Private Eddie Slovik
Edward Donald Slovik (February 18, 1920 – January 31,1945) was a private in the United States Army during World War II and the first American soldier to be executed for desertion since the American Civil War.
Although over twenty-one thousand soldiers were given varying sentences for desertion during World War II – including forty-nine death sentences – only Slovik's death sentence was carried out.
Slovik was born in Detroit, Michigan. As a minor, he was arrested several times; the first time, when he was twelve, occurred when he and some friends broke into a foundry to steal some brass. Between 1932 and 1937, he was caught for several incidents of petty theft, breaking and entering and disturbing the peace. In October 1937, he was sent to jail and paroled in September 1938. After stealing and crashing a car with two friends while drunk, he was sent back to jail in January 1939.

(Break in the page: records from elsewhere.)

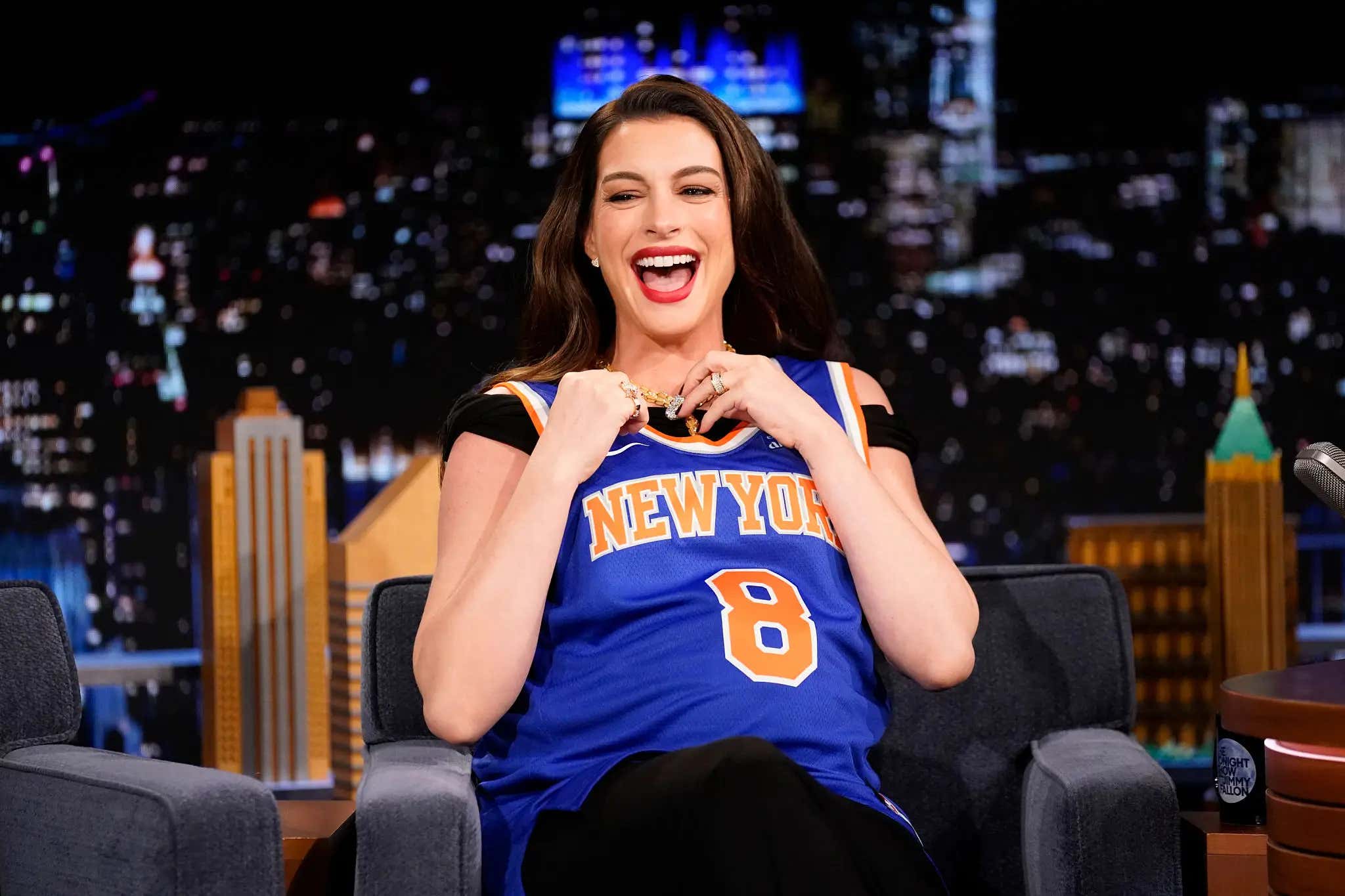 Queen Of New York: Anne Hathaway Says She'd Rather The Knicks Win Another Championship Over Her Winning A Second Oscar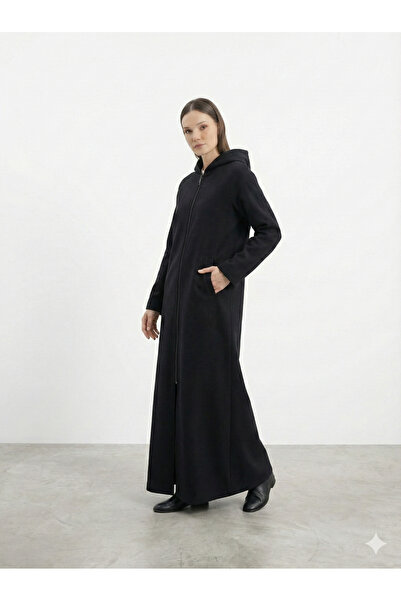 Vivezza Tiftiklenmeyen İthal Kaşe Ferace 7054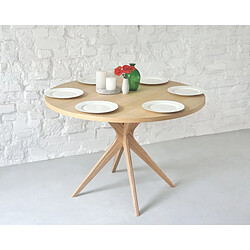 Ragaba Table à manger ronde - Frêne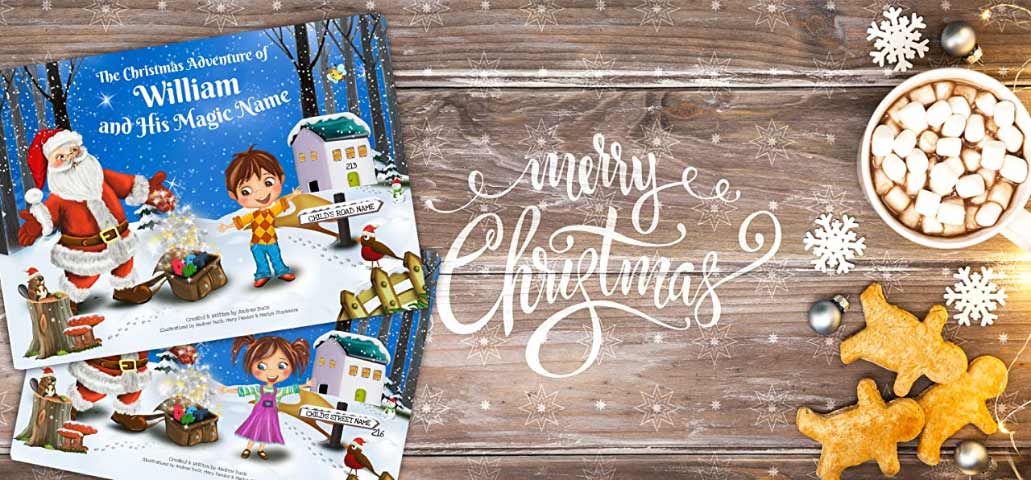Personalised Christmas Story Book for Children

In April 1942, Slovik was paroled once more and obtained a job at the Montella Plumbing Company in Dearborn. There he met his wife Antoinette Wisniewski, whom he married on November 7, 1942. They went to live with her parents. Slovik's criminal record had led him to be classified as unfit for duty in the U.S. military ("4-F"), but, shortly after his and Antoinette's first wedding anniversary, Slovik was reclassified as fit for duty ("1-A") and subsequently drafted by the Army.